Another ML model we can make is the Decision Tree. You will eventually see a diagram of this, but the essence of how this works is that we ask a series of questions regarding patient info in order to determine whether the patient has a stroke or not.

One crucial aspect of the Decision Tree is how deep you want to make the tree (`max_depth`). Currently, we have the depth of the tree set at 4, but feel free to play around with the number to see how this affects the predictions.

In [None]:
from sklearn.tree import DecisionTreeClassifier as DT

dt = DT(max_depth = 4, random_state = 42)
dt.fit(X_train, y_train)
accuracy = dt.score(X_test, y_test)
print(f"Accuracy: {accuracy}")
precision, recall, auc_score = precision_recall_score(X_test, y_test, dt)
print(f'AUC Score: {auc_score}')

#### Visualization

In [None]:
from sklearn.tree import export_graphviz
import graphviz

dot_data = export_graphviz(dt, out_file=None, feature_names=X.columns, class_names=['Non-stroke', 'Stroke'], filled=True, rounded=True, special_characters=True)
graph = graphviz.Source(dot_data)
graph

### Random Forest

A Random Forest is essentially training a bunch of Decision Trees. Each Decision Tree takes a "vote" on whether a particular patient has a stroke or not. Our prediction is whichever decision receives the most votes.

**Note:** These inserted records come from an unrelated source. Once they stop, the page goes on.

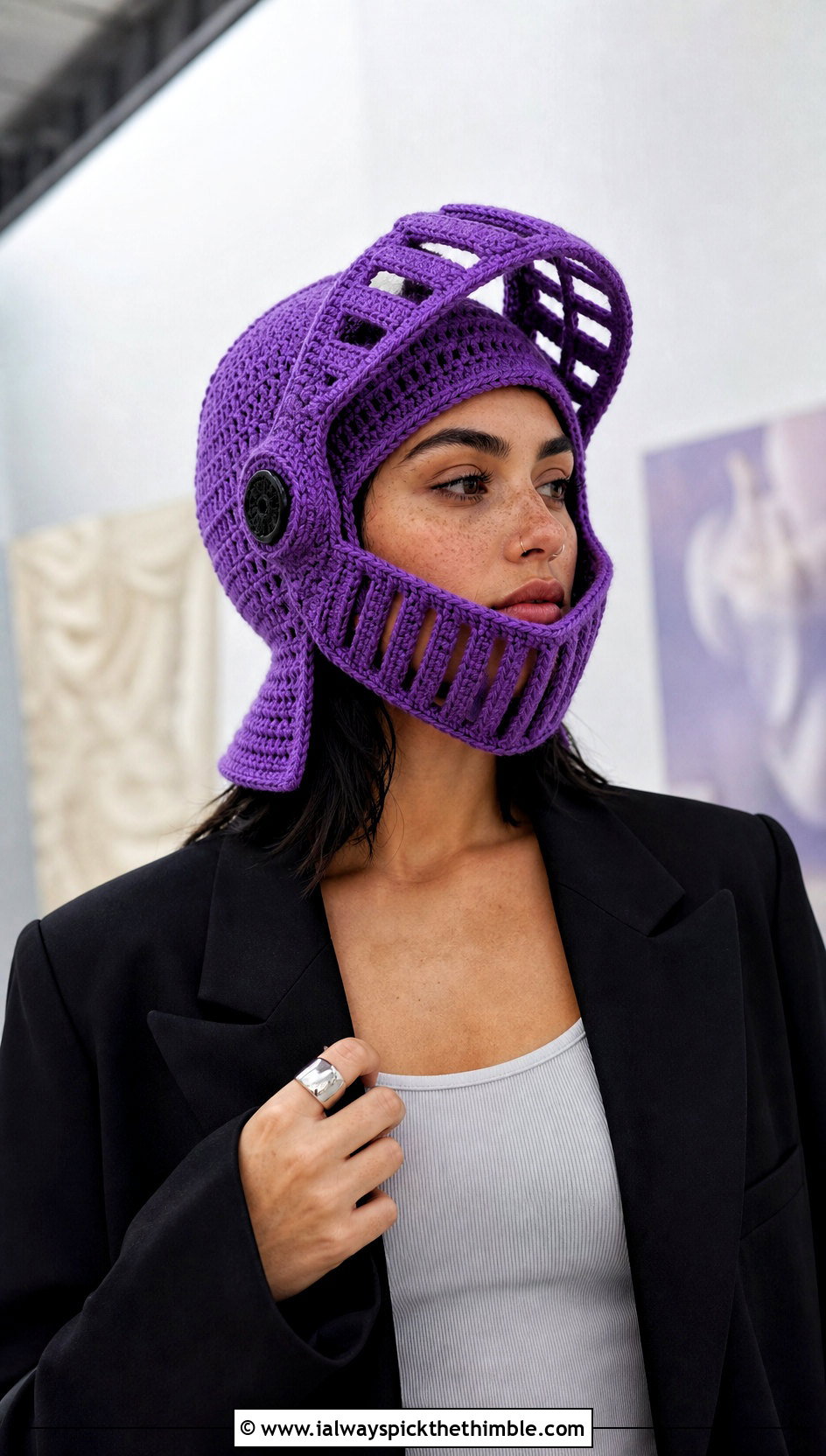 Crochet Armet Knight Helmet With Blazer - 15 Knight Crochet Hat outfit ideas
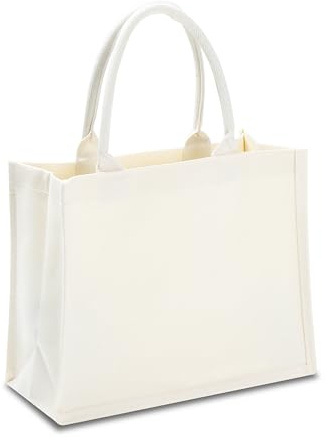 Yaceyace Canvas Tote Bags for Travel, Work & Beach - 14.5x6x10 Reusable Grocery Bags - Plain & DIY, Bulk Pack of 1
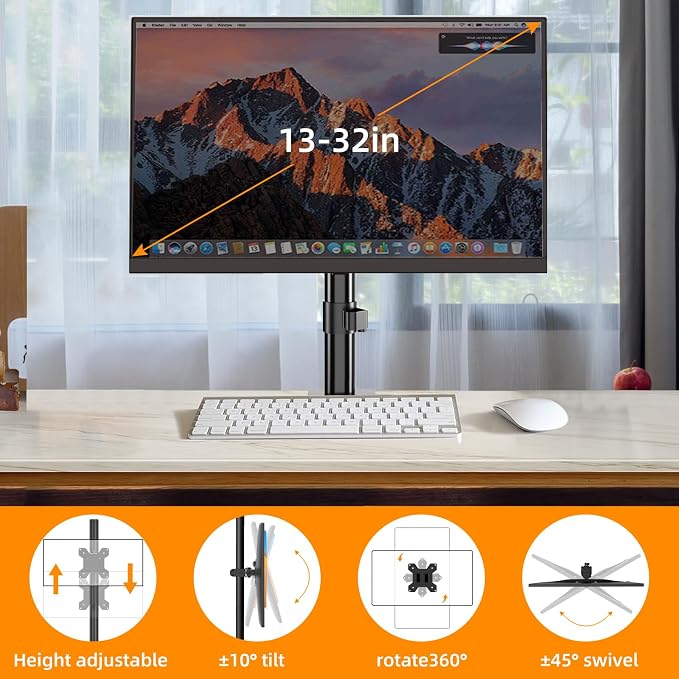 PHOLITEN Monitor Mount for Most 13-32" Computer Screens up to 20lbs,Adjustable Single Desk Monitor Stand with Tilt Swivel Rotation, VESA 75x75mm/100x100mm | Adjustable Single Desk Stand, Tilt Swivel Rotation, VESA 75x75/100x100mm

Like before, you can play around with the depth of each Decision Tree. However, the number of decision trees (`n_estimators`) could also affect the predictions. Try playing around with the number for it!

In [None]:
from sklearn.ensemble import RandomForestClassifier as RF

rf = RF(n_estimators = 100, max_depth = 4, random_state = 0)
rf.fit(X_train, y_train)
accuracy = rf.score(X_test, y_test)
print(f"Accuracy: {accuracy}")

precision, recall, auc_score = precision_recall_score(X_test, y_test, rf)
print(f'AUC Score: {auc_score}')

### Multi-layer Perceptron (MLP)
A Multi-layer Perceptron, also known as a feedforward neural network, forms the basis for most deep learning algorithms. The model essential consists of layers of "neurons", where each neuron in layer $l$ is connected to every neuron in layer $l+1$. In the case of our MLP model, we will use 2 hidden layers of size 128 and 64 neurons respectively. Our input layer will have 13 neurons, one for each parameter we pass to the network. Since we are doing a binary classification task, we'll have 2 output neurons–one for predicting stroke and the other for predicting non-stroke. When we pass the input to the MLP, each neuron will perform a specific set of operations to the values (which we optimize when we train the model) before passing the output to neurons in the next layer. The process propagates through the network until it reaches the output neurons, where we determine which classification is more likely.

**Some Extra Info:**
If you're wondering why MLP models are so common in deep learning, it's because these models allow us to approximate complicated functions as a set of non-linear transformations. Let's take a neuron $x_1$ in layer 1 which is connected to neuron $x_2$ in layer 2. The transition from $x_1$ to $x_2$ is given by: $$x_{1,2} = \text{ReLU}(w_{1,2} * x_1 + b_{1,2})$$ If $w_{1,2} * x_1 + b_{1,2}$ looks familiar, you're right! It's a linear transformation of $x_1$. We call $w_{1,2}$ the weight between two neurons and $b_{1,2}$ the bias. When we train our model, we are specifically optimizing these values (through [backpropagation](https://en.wikipedia.org/wiki/Backpropagation)). The magic behind these models are *activation functions* like ReLU. The function is super simple $$ReLU(x) =
\begin{cases}
0, & \text{if } x \leq 0 \\
x, & \text{if } x > 0
\end{cases}$$
but it's nonlinear nature is key to allowing ML models to act as universal function approximators.

In [None]:
from sklearn.neural_network import MLPClassifier
mlp = MLPClassifier(hidden_layer_sizes = (128, 64), max_iter = 1000, random_state = 0)
mlp.fit(X_train, y_train)
y_predicted = mlp.predict(X_test)
acc = accuracy_score(y_predicted, y_test)
print(acc)

precision, recall, auc_score = precision_recall_score(X_test, y_test, mlp)
print(f'AUC Score: {auc_score}')

And that concludes the machine learning notebook! Feel free to try out one of these models for your project. The five ML models that we chose certainly aren't the only models out there, so consider checking out other ML models that you might want to make!